Striving For Mediocrity

Ramblings of a thirtysomething sometimes bitter single girl living in Southern California with her gay cat and crazy neighbors. Doing her damnedest to find one good man that won't drive her completely nuts.

Tuesday, July 12, 2005

It's raining men.


Did you know that when you lose a lot of weight, even your feet get smaller? Because I didn't.

I noticed a while ago that my shoes felt looser, and in the last few weeks, I think I've gone down almost a whole size. Being the cheap motherfucker that I am, I haven't bought any new shoes.

Today, walking down the hall at work, my shoe flew right off my foot (and because I walk really quickly, it went pretty fast and far), and right into Mr. Big Shot's office (which is at the end of the hall). At first I laughed, but then I got scared, and just kind of froze in the hallway. He was on the phone, and I could hear him talking, and as soon as he saw the shoe fly in, he stopped talking and just yelled out, "What the hell?!? What the hell is this shit?!"

I walked in, laughing nervously, and apologized profusely. At first, he didn't see the humor in the situation. In fact, I probably would have pissed myself if he would have started yelling at me (he's small, but oh, so loud and Napoleonic). But after I explained, he laughed and was cool about it. He must have thought it was funny enough to pass along, because when Trophy Wife called in for the 593428th time today, she laughed and said he had told her about it.
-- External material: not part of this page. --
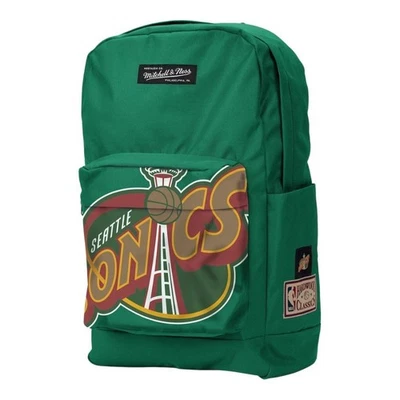 Mitchell and Ness Seattle SuperSonics Green Hardwood Classics NBA Backpack - Image 1 of 4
I want to shoot whatever asshole came up with annoying dancing old bald guy ad campaign for Magic Mountain.

Those commercials make me want to gauge my eyes and ears out.
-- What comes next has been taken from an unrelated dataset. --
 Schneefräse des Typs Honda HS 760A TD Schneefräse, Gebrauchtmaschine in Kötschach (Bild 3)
Someone, please. STOP THE MADNESS.


I was reading in one of my trashy Hollywood magazines (you know, the REAL newspapers) this article where Tawny Kitaen and her 12 year-old daughter Wynter (she also has a daughter named Raine. Come on. Why the fuck can't stars [if you can call Tawny Kitaen a star] name their kids normal names? On the grand scale of celeb names, Wynter's not so bad, but still.) were commenting on young actresses and their bodies (and people wonder why they are all walking eating disorders). There was a picture of some girls I can't remember, and then a picture of Lindsay "someone please give me a Double Double with cheese" Lohan, and Kitaen said "this is definitely the best she's EVER looked."

Ugh. That comment totally disgusted me. As long as stupid people keep telling these dopey actresses that seeing every bone in your body is hot, they're going to keep starving themselves. And all those little girls that run out to her crappy movies like little gum-chewing robots are going to do the same thing, so they can look just like her.

PS - Lindsay, the blonde hair looks like shit. I'm just saying.

Do you know women's clothes actually come in 00 now? That's DOUBLE ZERO. How can you double nothing?

I think I am more disgusted that someone that looks like this is commenting on how others look.


One of my favorite co-workers, Fajita, had a little baby girl early this morning (ok, he didn't actually have her, his girlfriend did. But you know what I mean). They named her Ella, and given my propensity to hate everyone that gives their babies the trendy name o' the week, it was hard to bite my tongue when he first told me on the phone. But I really like him, so I won't hold it against him.

At least it wasn't fucking Lola.


So, theotherchad said in his last entry that he was looking for a new band name. I helpfully suggested "It's Raining Men," because that is an awesomely manly and macho sounding band name.

Strangely enough, I don't think he's going to use it.

What.Ever.Chad.

How about The Hanging Chads? The Dangling Participles? Cow Puke? Come on, these are gold, I tell you. GOLD.